▶ Available data
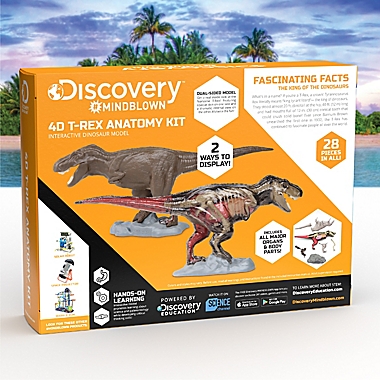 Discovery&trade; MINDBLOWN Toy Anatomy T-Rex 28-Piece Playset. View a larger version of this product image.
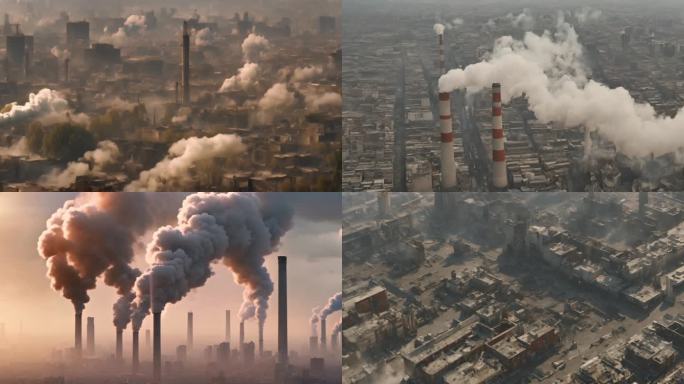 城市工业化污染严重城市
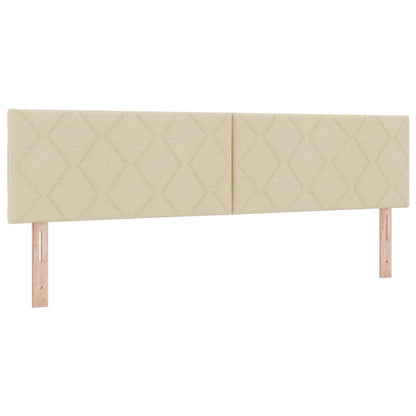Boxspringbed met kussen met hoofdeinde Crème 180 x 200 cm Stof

* * *

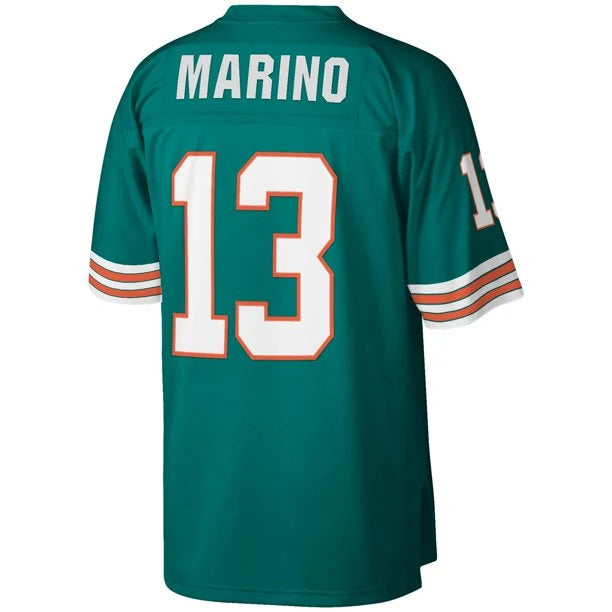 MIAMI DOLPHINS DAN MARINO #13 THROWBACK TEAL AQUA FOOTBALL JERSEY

▶ Your goal
From the records above, extract the lines from the one holding "Discovery&trade; MINDBLOWN Toy" through the one holding "Boxspringbed met kussen", word for word; omit the pictures.

▶ Written answer
 Discovery&trade; MINDBLOWN Toy Anatomy T-Rex 28-Piece Playset. View a larger version of this product image.
 城市工业化污染严重城市
Boxspringbed met kussen met hoofdeinde Crème 180 x 200 cm Stof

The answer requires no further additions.